Domingo Blanco described the experience of the online pre-surgery programme started in 2006 by Hospital de Viladecans, which since has proven that not only unnecessary consultations in the centre can be reduced when planning a surgery, but it also helps avoiding repeated tests.
The team led by Dr Blanco, who is presently striving to extend this experience, is dodging some obstacles, such as the difficulty of gathering the patient’s complete clinical record. “There is no unified clinical record, there are difficulties to connect primary care and the hospital, and there still is a lot of fragmentation”, he admitted.
Despite the great savings for the healthcare system obtained with this online programme, it is far from being generalised. He hints at the reason. “There is a resistance against change, and the enemies of innovation are healthcare professionals themselves. We lack courage and also the support from organisations”, he added.

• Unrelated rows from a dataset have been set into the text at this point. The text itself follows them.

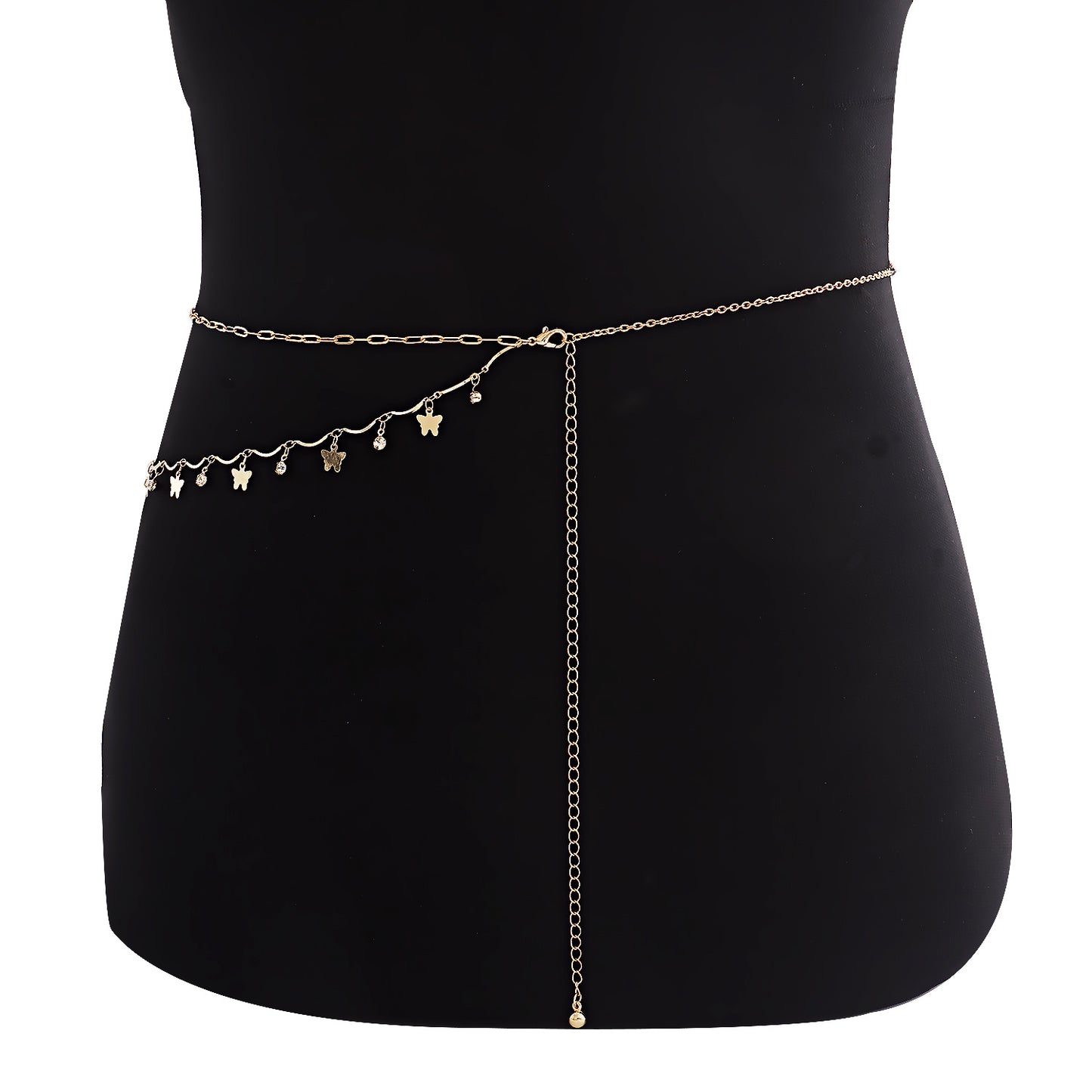 Punk Streetwear Butterfly Tassel Double Layer Metal Body Chain for Women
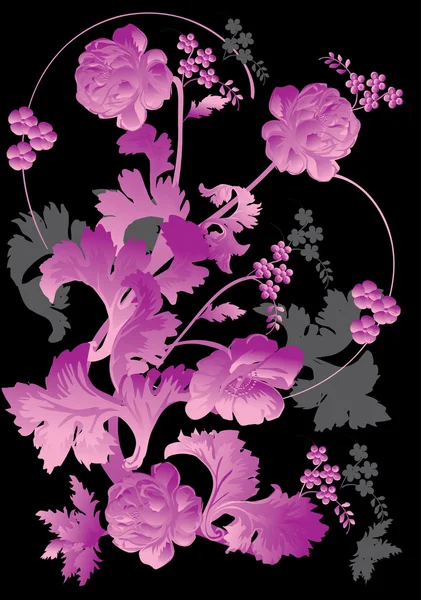 Violetta blommor illustration på svart — Stock vektor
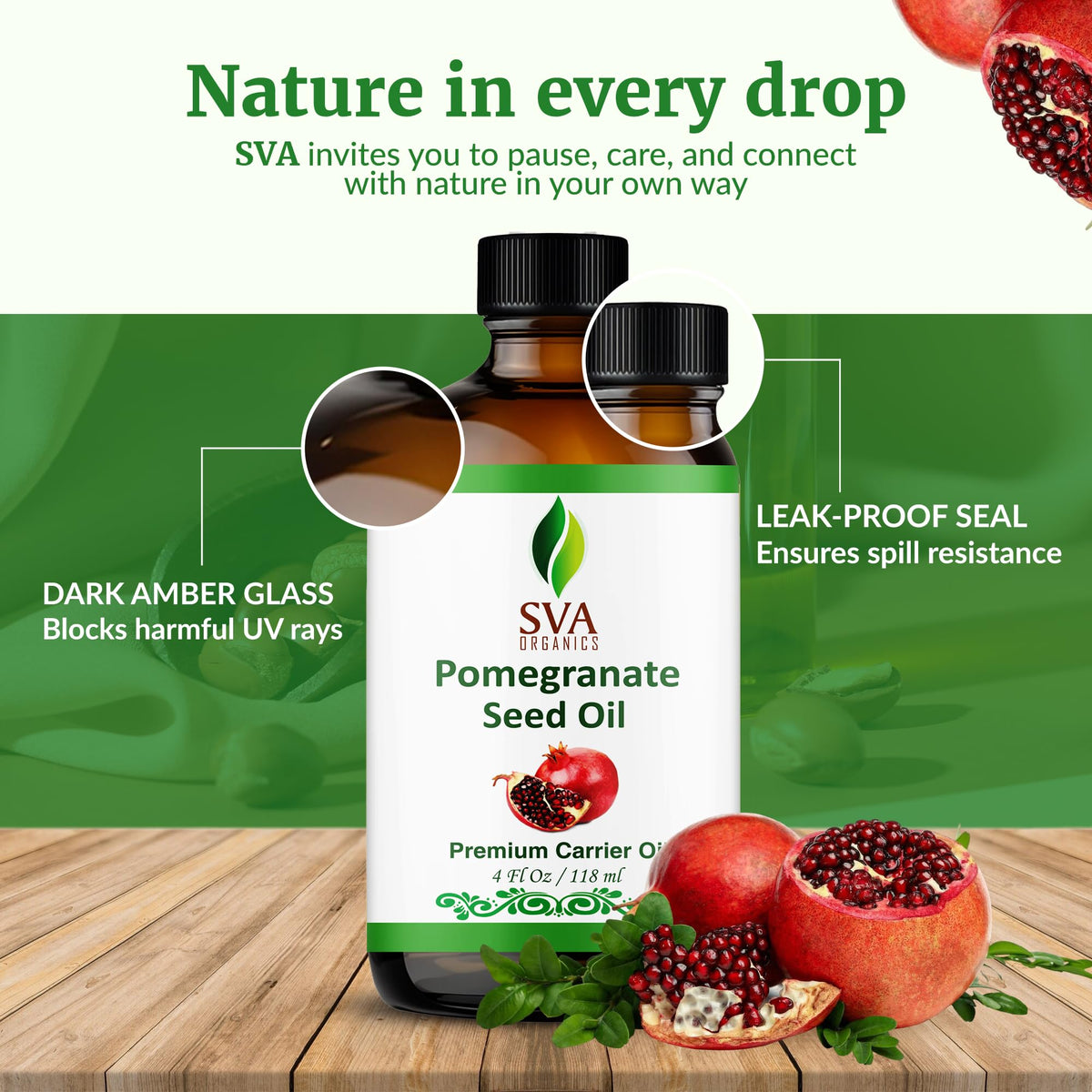 SVA Organic Pomegranate Seed Carrier Oil with Dropper (4 Fl Oz)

OIGS, a place to share innovation in healthcare
Within the structure of AQuAS, healthcare professionals can find the Observatory of Innovation in Healthcare Management in Catalonia, a space to share innovative experiences in management, fostering a collaborative environment and the exchange of knowledge.
The OIGS currently includes 180 innovative experiences that have already been implemented in the health system, and have generated change, and which can also be transferred, as well as 37 certified experiences, as explained by its coordinator, Montse Moharra.
The OIGS also offers a place for learning on innovation in management, with more than 600 professionals participating, an assessment quality certification procedure for the experiences, and the identification of strategic alliances and good practice.
The use of ICTs and the ePatient
The founder ofDoctoralia, Frederic Llordachs made an appeal for the participation of healthcare professionals and to anticipate the patients’ needs thanks to the use of ICTs, in a world where 80% of the population has an Internet ready mobile device.
“Patients do already demand that you schedule their visits using WhatsApp, and they look up health topics on the Internet. We are talking about an increasingly more empowered ePatient, who wants to be the centre, who demands autonomy in decision-making and who is more and more expert,” he pointed.
25% of users search the Internet for information on healthcare topics, and 35% of people in Spain use the web to schedule visits with healthcare professionals, while they forsake other media, such as the telephone. Within this setting, Llordachs advocated to jump the obstacles, and that healthcare professionals themselves generate the change.
A contributor from the audience stated the need to guarantee transparency and to include innovation projects in result-based services purchases, and also in the writing of healthcare agreements.
At the time of carrying out an innovative project, a key element is that it originates from a need, that it is placed under a continuous improvement, and that it is eventually assessed, to test its results and possible benefits.